佛像圖彙103
【103】蓮臥観音(れんがかんおん)
[通釈]
蓮臥観音
正応身
[注]
正応身 『観音経』普門品の句に基づく。望月仏教辭典には「小王身」とあり、現世の王の事とする。高貴な身分のため蓮の上に坐す。応身(おうじん)は、衆生を済度するために姿を現した仏。
[解説]
蓮臥観音は、清浄な池の中の蓮華の上に坐臥することからこの名があり、完全に横を向いている姿が特徴。釈尊の前世において、定光仏が歩こうとしていた道がぬかるんでいたため、自ら臥して解いた髪を泥の上に置き、その上を踏んで通って頂いたという説話によるとされる。
[雑記]
唯今は10月13日。日蓮大聖人が池上の地で入滅された日で、日蓮宗にとって最重要なお会式の日です。日蓮大聖人(立正大師)は受難(法難)の連続で、処刑寸前にまでなったことも。
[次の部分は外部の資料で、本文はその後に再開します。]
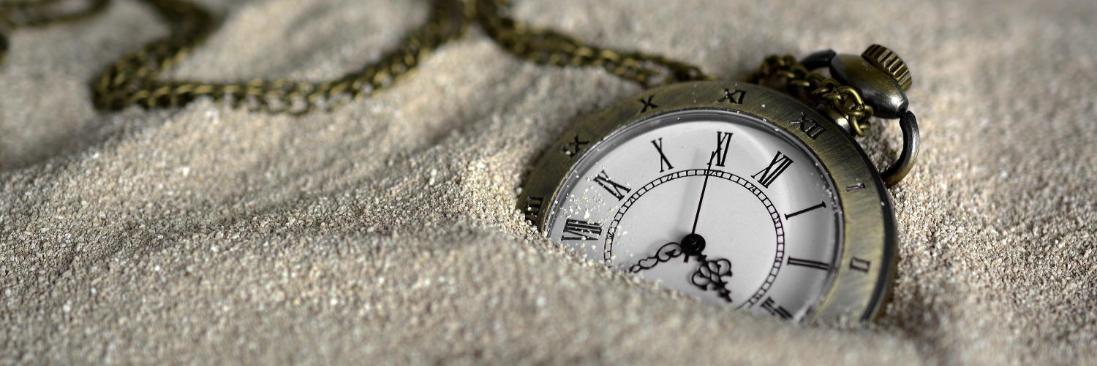 Eine Taschenuhr mit klassischem Ziffernblatt und Kette, halb im Sand vergraben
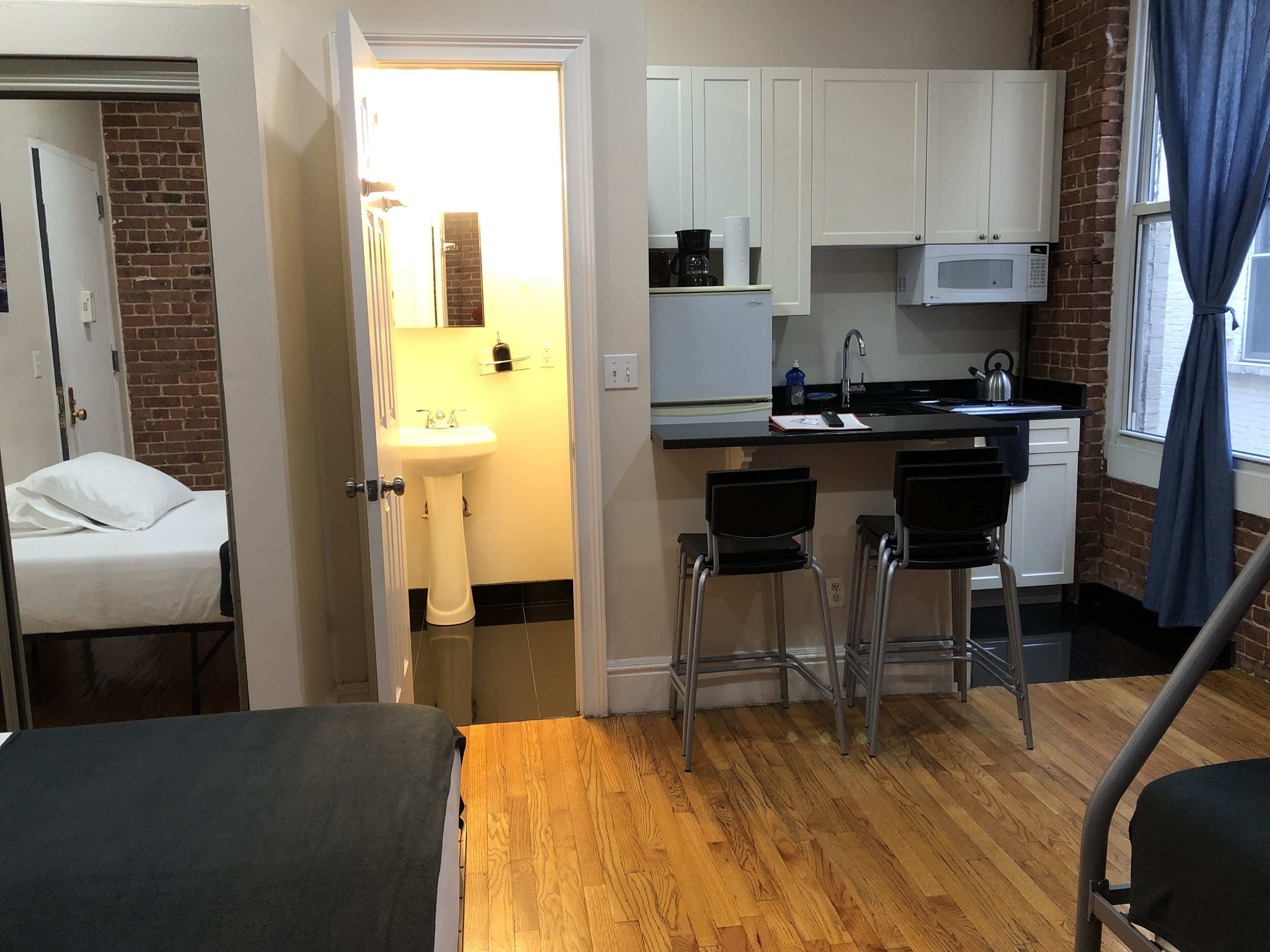 A compact hotel room with a wooden floor, a bed, a small kitchenette with a microwave, a sink, and a window with curtains.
ところで、よく言われているように、仏教の祖である釈尊の一生はこれといった受難も迫害もなく、これ以上ないという恵まれた階級の出身であり、修行にしろ説法にしろ、それにより弾圧を受けたり囚われの身となることはなく、生まれ故郷に戻って最期を迎えました。キリストは処刑をされたし、孔子は諸国行脚の途中で盗賊に間違われて殺されかけたり、餓死の危機の状況になるなど、苦しい目に遭っています。これに比べると、俗な言い方で失礼ですが、釈尊は常に自分の思うように生き抜くことができたわけで、苦境によって人々の心を揺さぶり、その強さに惹かれて信仰の対象とする信者、尊崇者たちを獲得するといった他の聖人たちとは性格が違います。
しかし、恵まれた境遇にもかかわらず、なぜ生まれたのか、なぜ死ぬのか、なぜ存在していることがこうも苦しいものなのか、といった誰もが痛切に感じ、わからないことに対して、釈尊はなんとかその答えを見つけようと進んで修行の道に入り、生老病死についてはいかんともし難いが、少しでも迷いや恐れの心を軽くするにはどうすればよいか、諦めということについて説法をすることで大勢の人を救うことに生涯を捧げた。我が身と法(のり)によって生きること、これが全てであるということ。今でこそ簡単にこう言えてしまいますが、釈尊がそういう思いに至るまでには大変な思索の巡らしがあり、人知れぬ苦労もあったはずで、権力者から迫害を受けることだけが受難ではないわけです。自分で進んで苦しい思いをすることで光明を見いだそうとする。祖たる人にして出来る立派なことですね。